• **Assigned task**: With the pictures left out, restate exactly the part below that opens with the line containing "To Let 5 Bedroom" and closes with the line containing "Chaos & Harmony - Nightfall Boot".
─── Data
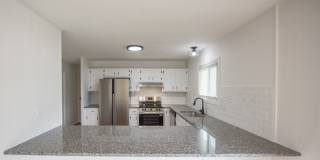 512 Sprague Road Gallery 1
──────
─── Data
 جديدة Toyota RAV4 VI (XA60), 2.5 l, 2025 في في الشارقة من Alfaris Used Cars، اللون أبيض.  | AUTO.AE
──────
─── Data
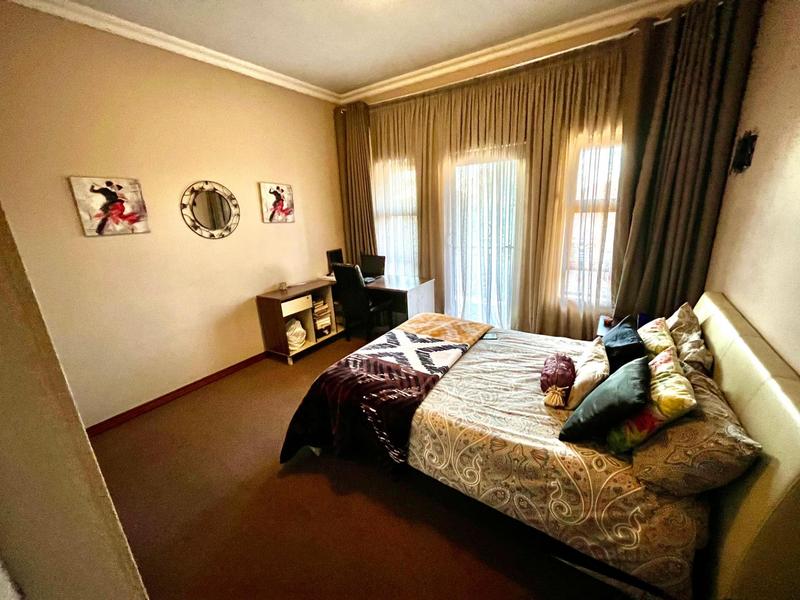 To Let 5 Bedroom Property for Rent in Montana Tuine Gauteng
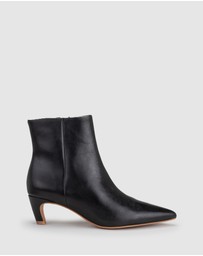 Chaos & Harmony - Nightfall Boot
──────
• **Solved problem**:
 To Let 5 Bedroom Property for Rent in Montana Tuine Gauteng
 Chaos & Harmony - Nightfall Boot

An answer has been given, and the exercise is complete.